Under the old system, a large part of character planning involved trying to get as many levels as possible in your key powers. The new system eliminates power levels entirely, and adds the concept of talents that can change how powers work depending on which talents you select. If that sounds familiar, that's probably because it's pretty much the same change we saw from Diablo II to Diablo III. In general I like it, especially since it means you see all of a character's powers (except the ultimate) by level 30.

The change to eliminate power levels had a big impact on items as well, since adding power levels was a big part of gearing character in the old system. Almost every item got a revamp, and for the most part you can do pretty well just by getting the unique items specific to your character plus a few artifacts. When I logged in some of my old characters, I was mostly able to jump right in without worrying too much about changing out their old gear, even though the stats on that gear had changed. I'm sure there's new ways to min-max stats, but the old stuff is mostly still usable.

Another major change is the simplification of the end-game character improvement system. The old OMEGA point system was extremely complex, so a key feature of the new Infinity system is simplicity. There are only 6 groups of 5 options for Infinity point placement, much fewer than the number of OMEGA nodes. I found it to be fairly easy to understand, and it certainly seems to have plenty of room to grow in the future if the developers decide to go that route.

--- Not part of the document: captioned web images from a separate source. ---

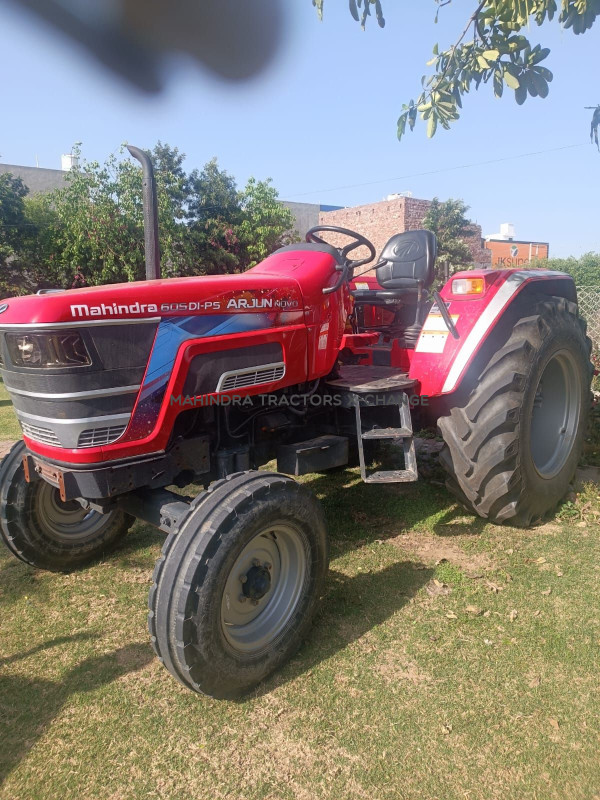 2023 Mahindra 605 NOVO 49.9HP-3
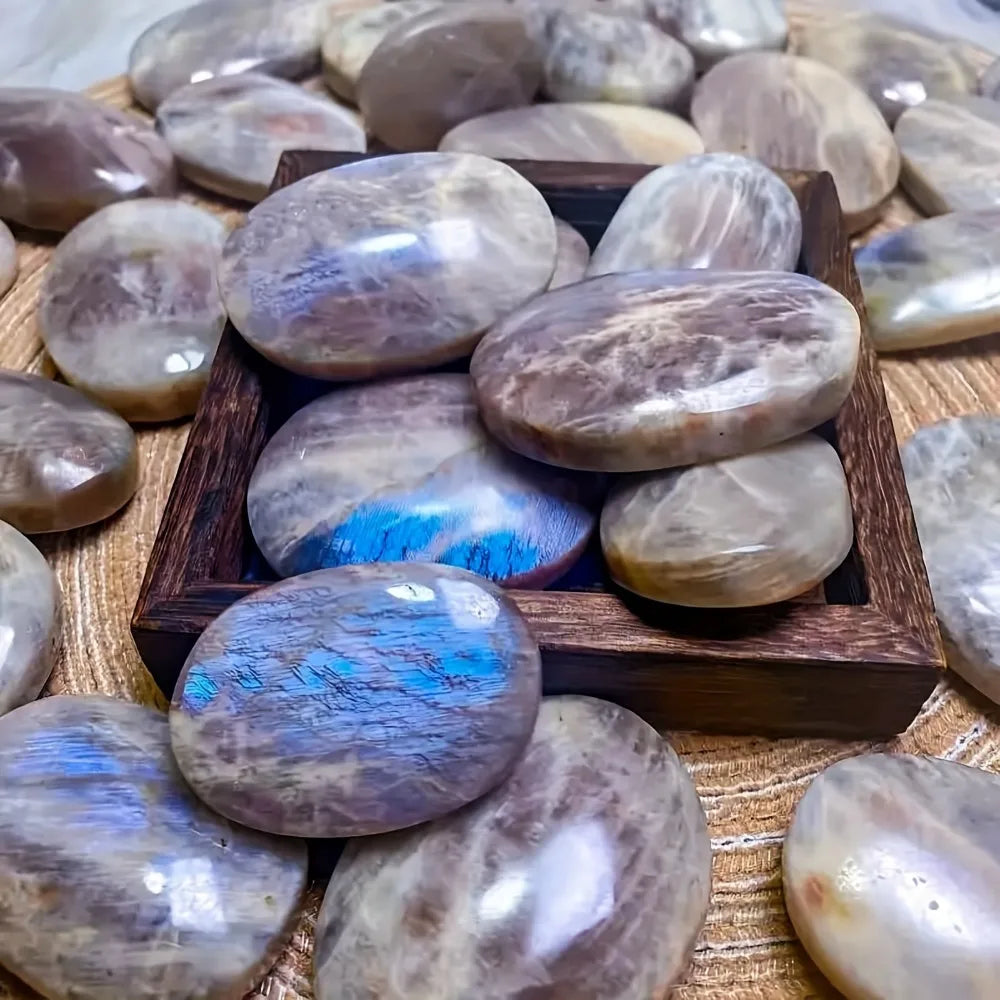 Natural Blue Luminous stone Crystal Palm Stone for Mind Healing Finger Massage Energy Healing Feng Shui Meditation Worry Stone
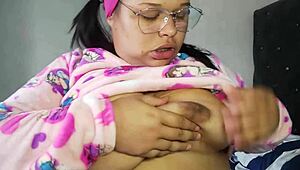 Milf fat culo doggy style mein closeup fetish mein hilati hai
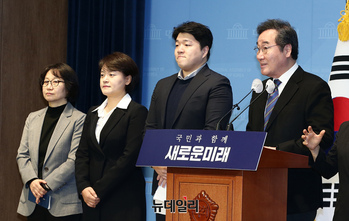 [포토] 영입인재 소개하는 이낙연 새로운미래 공동대표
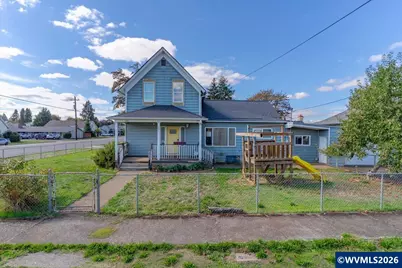991 SE Lyle St, Dallas, OR 97338 - Photo 3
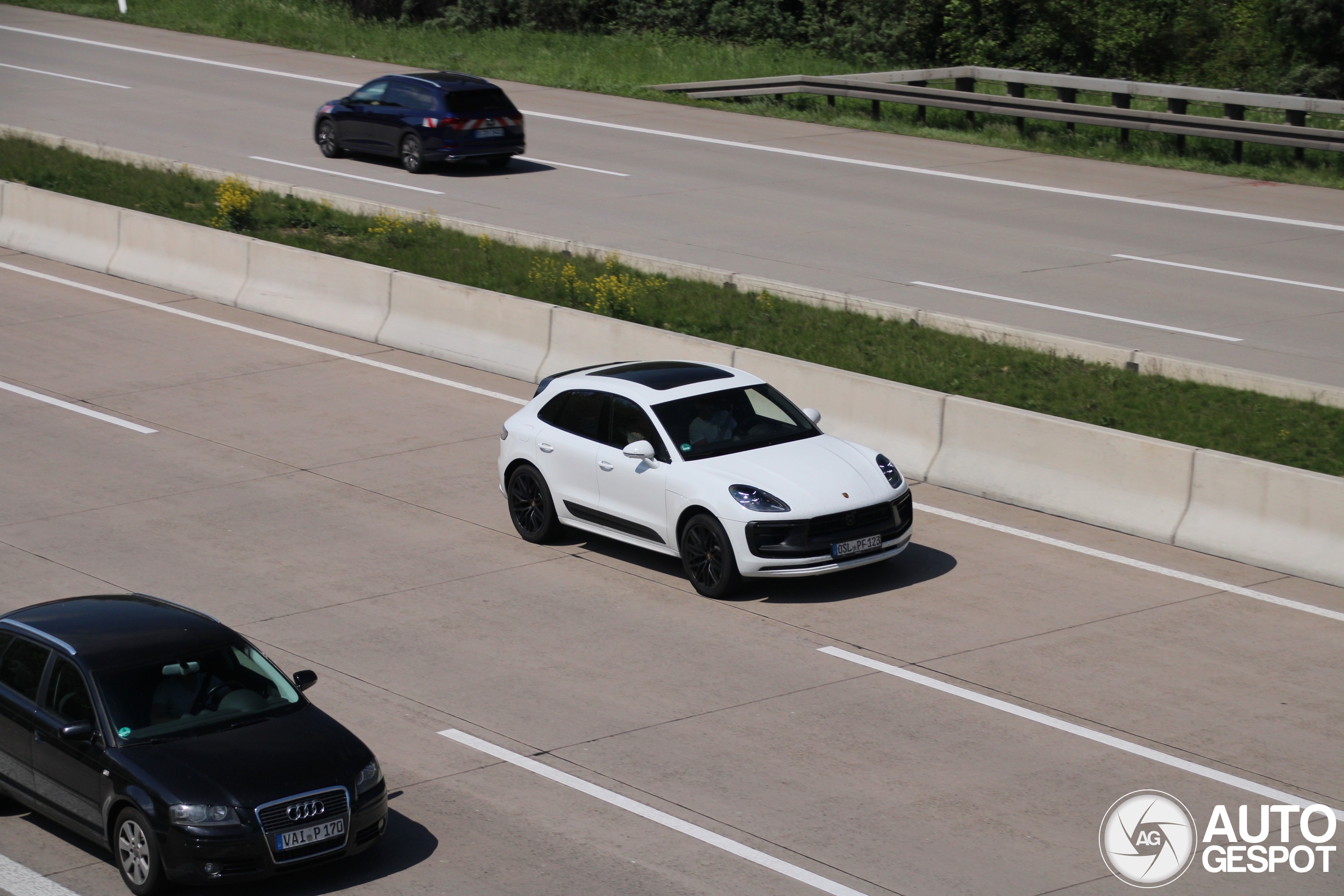 Porsche 95B Macan GTS MkIII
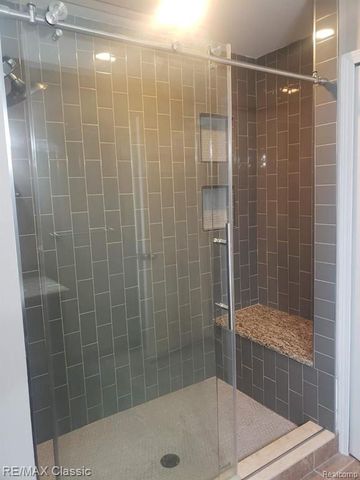 617 E 3rd Street, Royal Oak, MI 48067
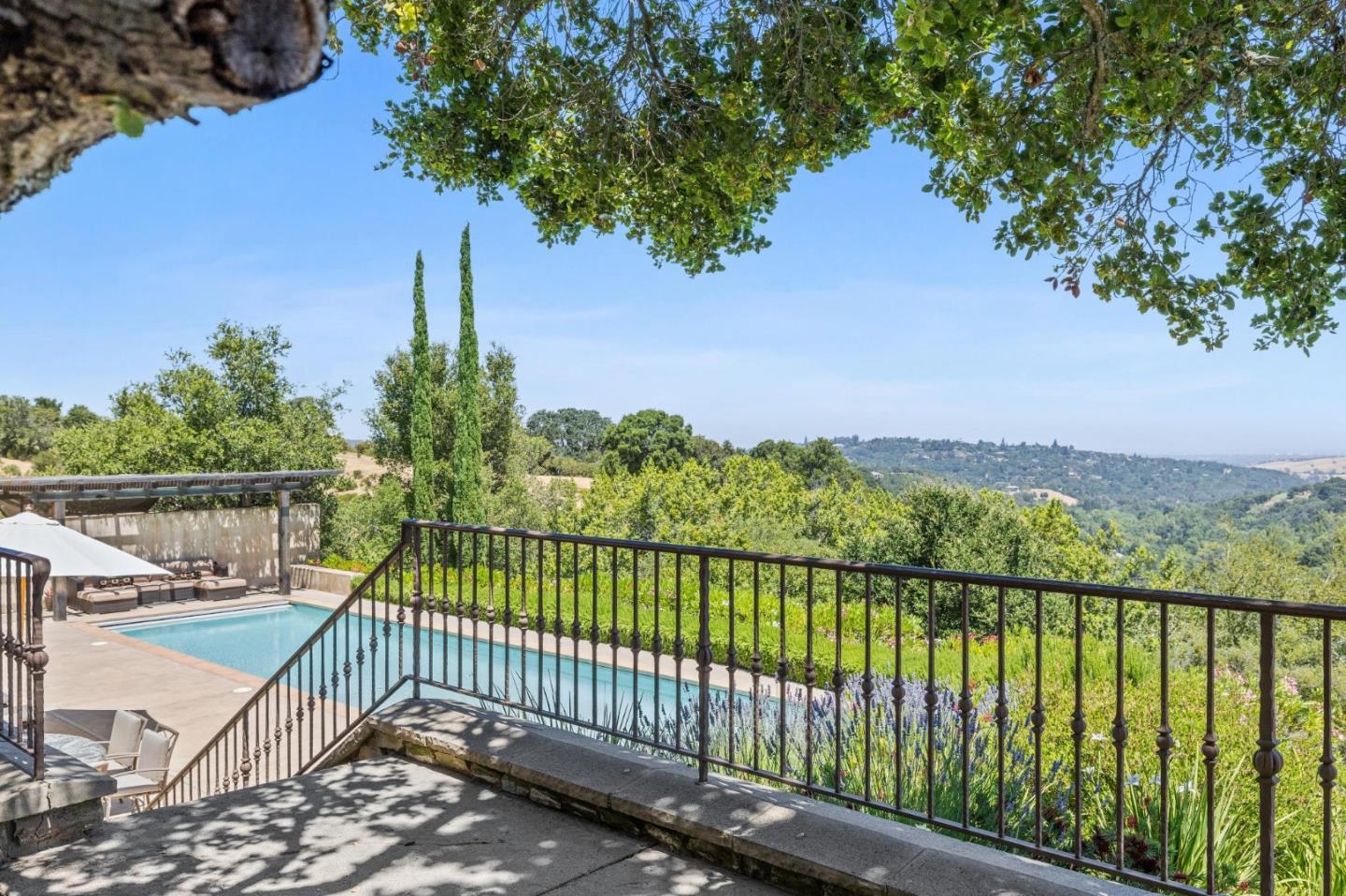 Detail Gallery Image 13 of 59 For 7 Redberry Rdg, Portola Valley,  CA 94028 - 5 Beds | 7/1 Baths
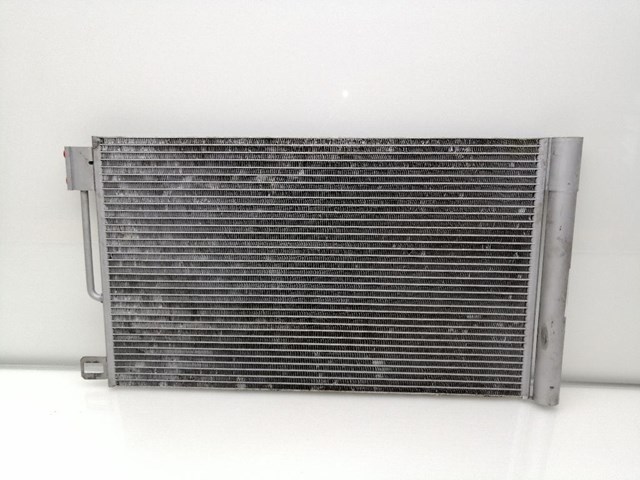Condensador de ar condicionado para Fiat Grande Punto 1.4 (95 cv) 199a6000 51931470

I was less enthusiastic about the ramping up of difficulty. The "green" lowest level is still pretty much the same, but "red" and "cosmic" levels seem significantly harder than I remember. I suspect that the designers realized that power creep was becoming a problem - high-end characters with the best gear were just too powerful - so decided on an across-the-board difficulty increase during this major update. I'd rather that they'd paid more attention to the power creep to begin with. Still, at least this addresses the situation to some extent, and hopefully they've learned a lesson and won't make the same mistake going forward.

After spending a few days going back to some of my old characters, I felt fairly comfortable with the changes. It's a credit to the design and development teams that they were able to make these big changes in such a way that it was pretty easy for players to make the transition.